**The data**
--------------------------------

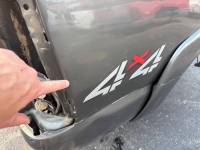 Chevrolet  - 99-06 Chevy Silverado/ GMC Sierra Gray 6.5ft Short Bed - Image 38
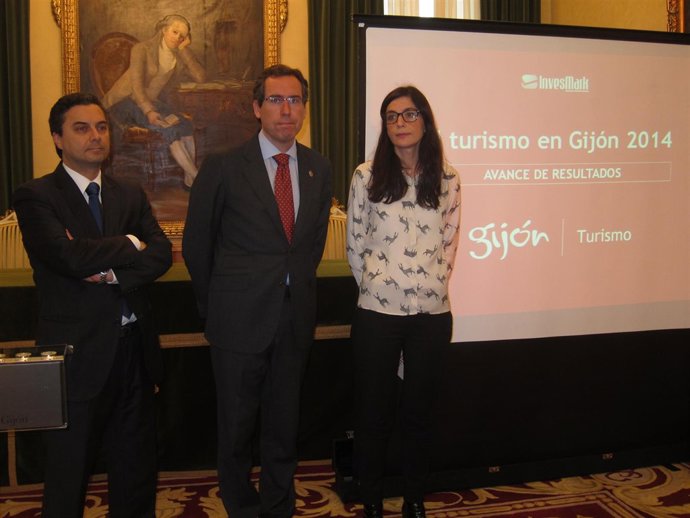 Por la izquierda, González, Couto y Braña, en la presentación del avance. 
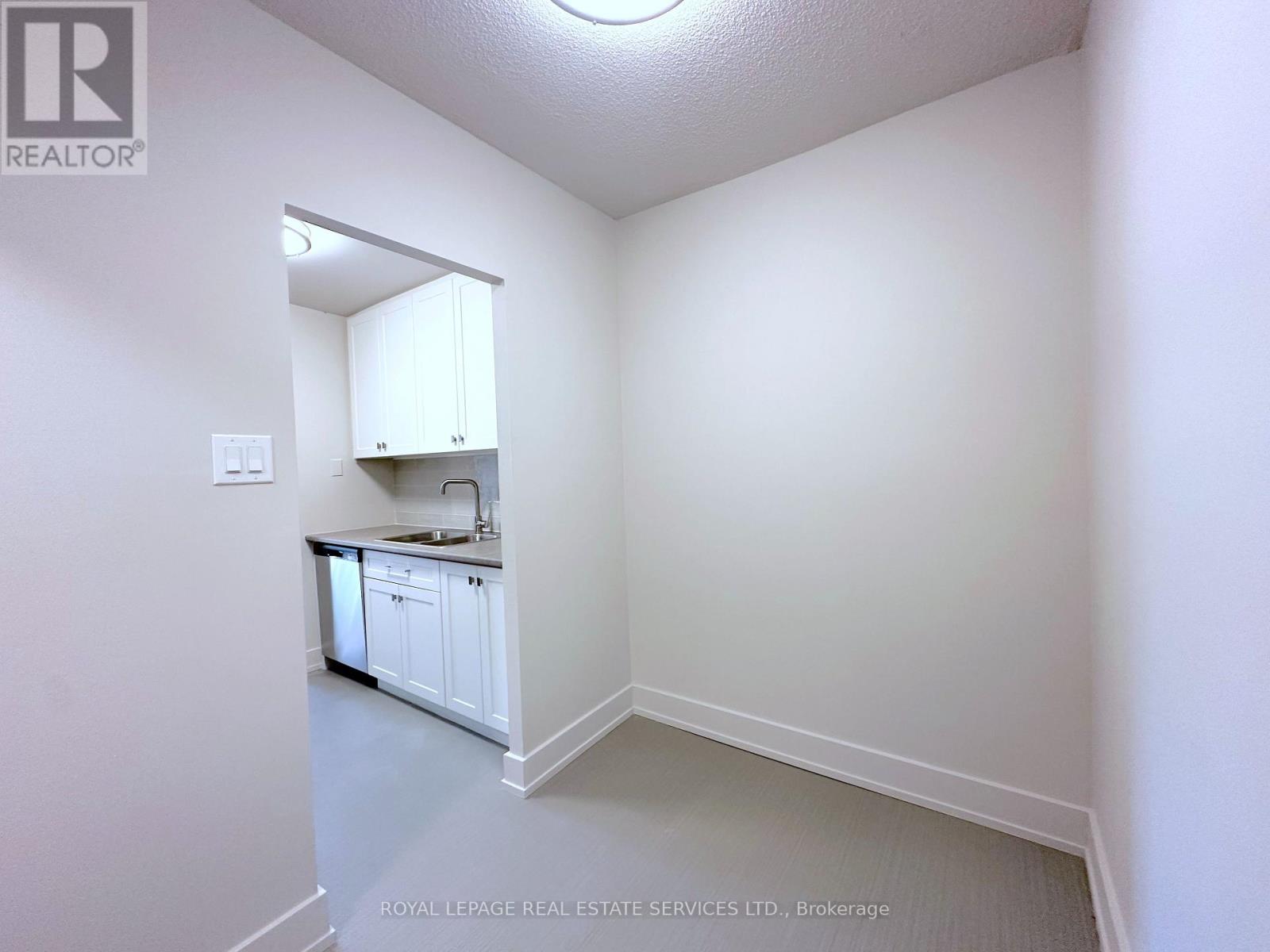 103 - 190 Clark Boulevard, Brampton, Ontario  L6T 4A8 - Photo 5 - W12660926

--------------------------------

**Instructions for the task**
This exercise asks for the data above to be given again exactly, without pictures.

**Solution to this task**
 Chevrolet  - 99-06 Chevy Silverado/ GMC Sierra Gray 6.5ft Short Bed - Image 38
 Por la izquierda, González, Couto y Braña, en la presentación del avance. 
 103 - 190 Clark Boulevard, Brampton, Ontario  L6T 4A8 - Photo 5 - W12660926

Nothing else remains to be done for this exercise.